Brazilian stocks are ending the year as the world's most volatile after investors endured a recession, an election and the country's biggest-ever corruption scandal.
Swings in the Ibovespa gauge pushed volatility this year to 26 per cent, the highest among the 20 biggest stock markets tracked by Bloomberg. The rallies and routs in Sao Paulo, including two bear markets and a 38-per-cent surge in between, were more extreme than in nations including Nigeria and Israel.
A first-half recession and a down-to-the-wire presidential campaign that saw Dilma Rousseff re-elected, disappointing investors who had bet a new government would bolster growth, combined to exacerbate stock swings. Confidence in Brazil has been further eroded as a selloff in commodities dimmed the prospects for exporters while kickback allegations put state-run oil giant Petroleo Brasileiro SA at the centre of the largest money-laundering probe in the nation's history.
"There's uncertainty about the direction of the economy, about what growth will be, and now you have this headwind from oil," Paul Zemsky, the head of multi-asset strategies at Voya Investment Management LLC, which oversees $213-billion, said by telephone from New York. "There are a number of issues investors are skittish about in Brazil. And when you have a corruption question, that certainly doesn't help."

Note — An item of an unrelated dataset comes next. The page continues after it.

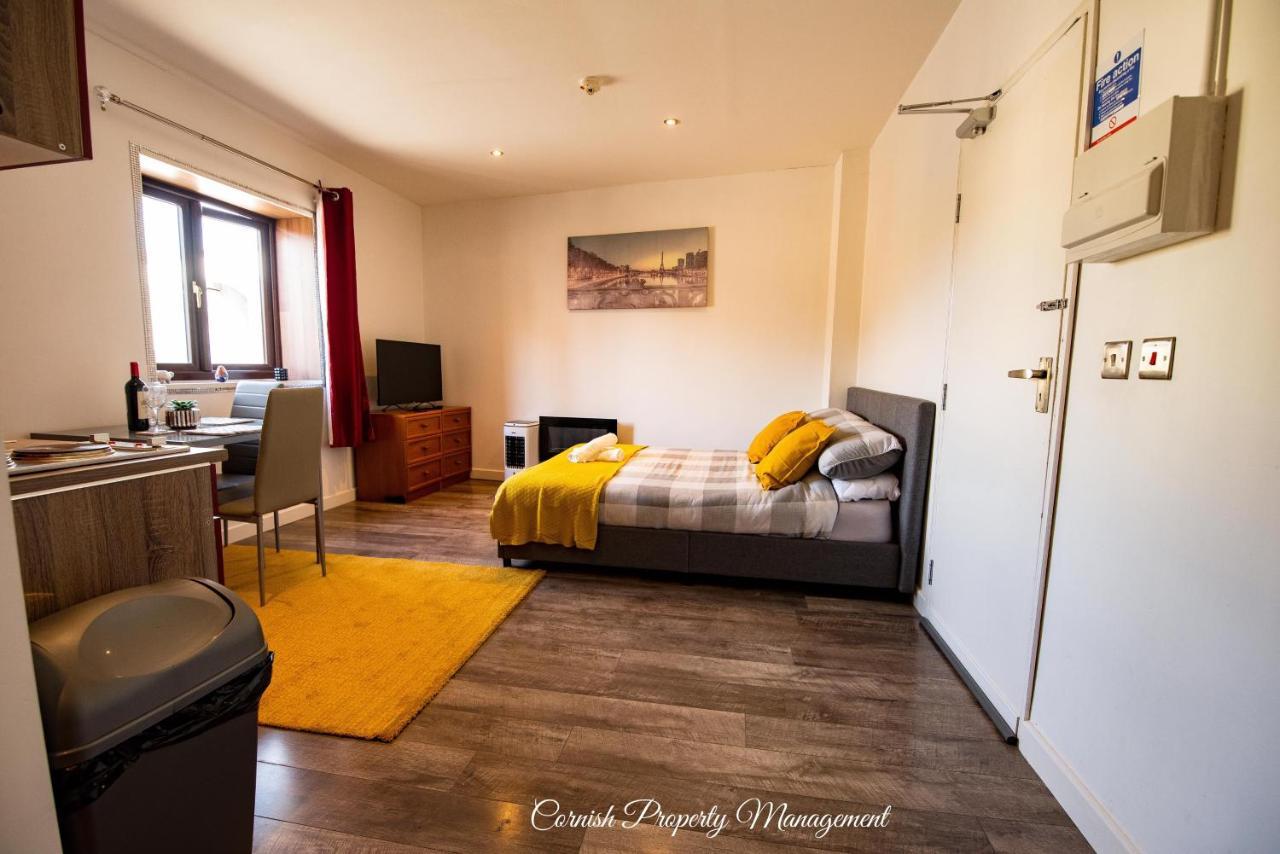 Apartment Road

Traders use volatility to determine the risk of holding a given security as it measures the rate at which prices move up or down. In general, higher volatility is associated with riskier assets as it means that prices can swing dramatically over a short period of time.
Gains Fade
The Ibovespa entered a bull market May 7, completing a 20-per-cent rally from its March low, on speculation Rousseff would be voted out amid the worst economic performance of any Brazilian presidency in two decades. The gauge started to reverse course after hitting a 19-month high Sept. 2, as the incumbent's re-election bid gained strength before the October vote and the central bank boosted interest rates to stem inflation.
The gauge's losses deepened amid a widening probe into construction companies that allegedly formed a cartel to win contracts that include 59 billion reais ($22-billion) of work from Petrobras. The selloff sent the Ibovespa into a bear market Dec. 12, driving its 90-day volatility to a three-year high.
The Ibovespa dropped 1.2 per cent to 50,007.41 at the close of trading in Sao Paulo Tuesday. The gauge lost 2.9 per cent in 2014, its second consecutive year of declines.
Most Volatile
Brazil has four of the most-volatile stocks among the world's largest 500 companies, according to data compiled by Bloomberg. Ninety-day volatility at Banco do Brasil SA, Banco Bradesco SA and Itau Unibanco Holding SA, the country's three biggest lenders by market capitalization, climbed to more than 58 per cent this year.
Swings in Petrobras, whose shares are trading near a decade low, more than doubled in 2014 to 86 per cent. The Rio de Janeiro-based oil producer said Dec. 12 it would delay its financial results for a second time while the corruption probe continues. The company said in a regulatory filing Monday it will release unaudited third-quarter results in January.
Petrobras's managers, including chief executive officer Maria das Gracas Foster, have given access to their computers, phones and offices to independent investigators who have a one-year mandate to probe corruption allegations, Foster told reporters Dec. 17.
Oil Decline
In addition to the Petrobras inquiry, the 46-per-cent decline in the price of crude oil this year has intensified stock swings on concern growth in the commodity-exporting nation will slow further. Expansion in Latin America's largest economy will probably trail the region's average for a fifth year in 2015, according to analysts surveyed by Bloomberg.
Swings in Brazil were three times bigger than those in Israel, where the conflict with Hamas has dented tourism and the strength of the shekel has curbed exports. Volatility in Nigeria's equity benchmark was 9 percentage points lower than the Ibovespa's even after the naira's 12-per-cent slide this year and increased attacks by Islamist militants.
"With oil prices entering the picture, that adds a lot of volatility to the economic outlook for Brazil," Lu Yu, a money manager at Allianz Global Investors, which oversees $511-billion in assets, said in a telephone interview from San Diego. "Since the economy is so reliant on the commodities side, volatility will stay here for a while."